Feature #523
Improve speed when reading netCDF table data (no grids)
Status: | Closed | Start date: | 2014-02-24 | |
---|---|---|---|---|
Priority: | High | Due date: | ||
Assignee: | % Done: | 100% | ||
Category: | - | |||
Target version: | Candidate for next minor release | |||
Platform: |
Description
Because GMT (a) processes table data record-by-record and (b) can do this across ASCII, native binary, and netCDF tables, it is considerably slower to read netCDF tables because only a single row is being accessed at the time. A rewrite would take advantage of the new GMT→hidden.mem_coord[col] arrays and read in entire columns (or as many rows as the preallocated memory can hold, then read the next section of rows when required). The rec-by-rec machinery can then "read" from these columns whose initial read will be much much faster since entire columns are processed.
History
#1
Updated by Paul over 6 years ago
- Status changed from New to Resolved
- Assignee set to Paul
- % Done changed from 0 to 100
Implemented in 5.2 branch, r13341. May need some more testing.
#2
Updated by Remko over 6 years ago
- Status changed from Resolved to Closed
Paul wrote:
(or as many rows as the preallocated memory can hold, then read the next section of rows when required).
In fact, GMT_prep_tmp_arrays
will always allocate at least as many rows as the major dimension of the netCDF file that is to be read.

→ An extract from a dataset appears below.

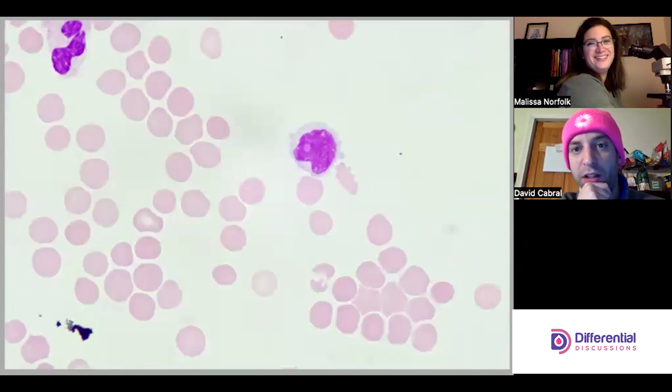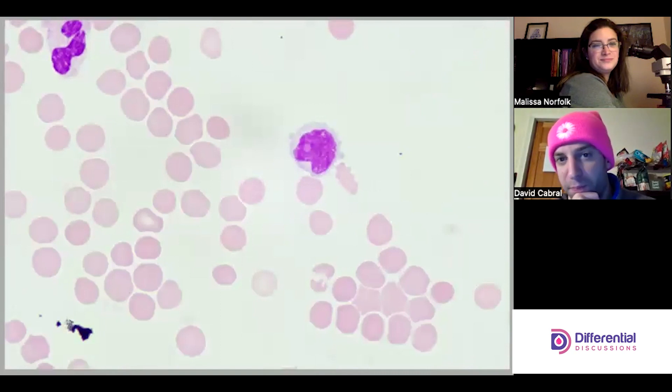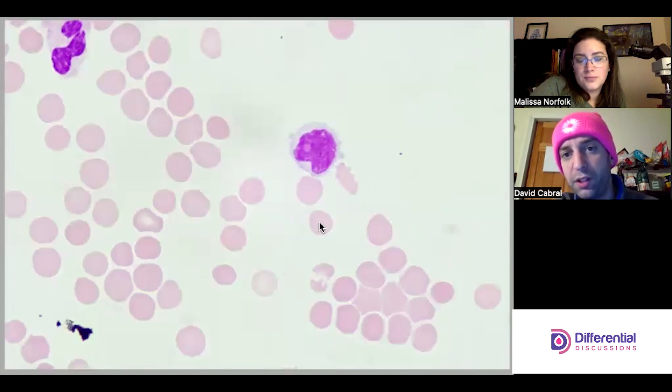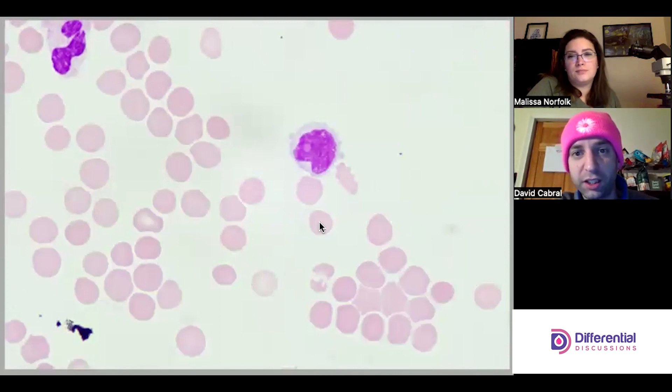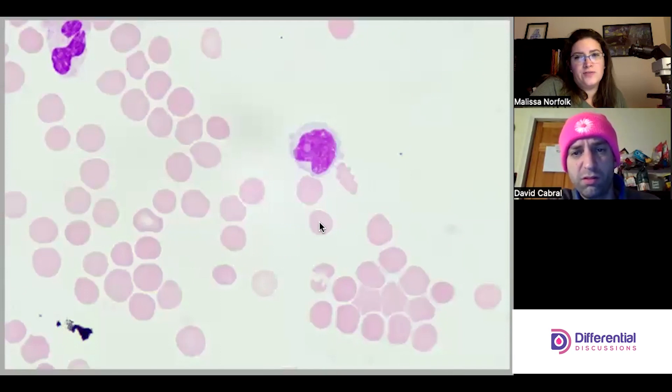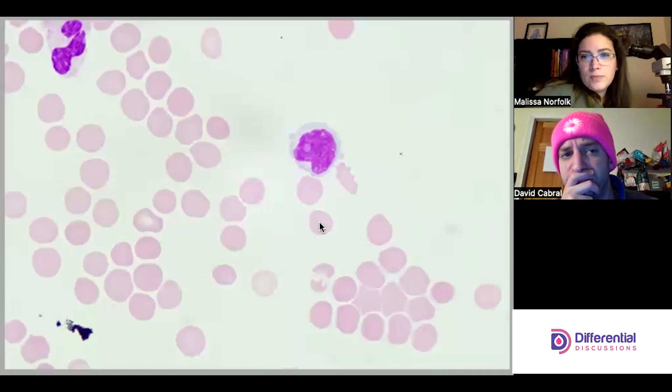A monocyte/lymphocyte — debating between the two. The N:C ratio and kidney bean shape could suggest lymphocyte. The nucleoli also suggest lymph, because monocytes don't usually have nucleoli that large even on a cytospin slide. The cytoplasm looks very clear and empty, and monocytes should have a little more texture — ground-glass quality — to their cytoplasm.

To be blunt, GMT_prep_tmp_arrays
should be given a limit on what it can allocate in the line:
while (row >= GMT->hidden.mem_rows) GMT->hidden.mem_rows <<= 1; /* Double up until enough */
Currently
mem_rows
can overflow or grow to hideous proportions.
I tested the current implementation on a reasonably sized file and was pleased with the increased performance. Hence I close this issue.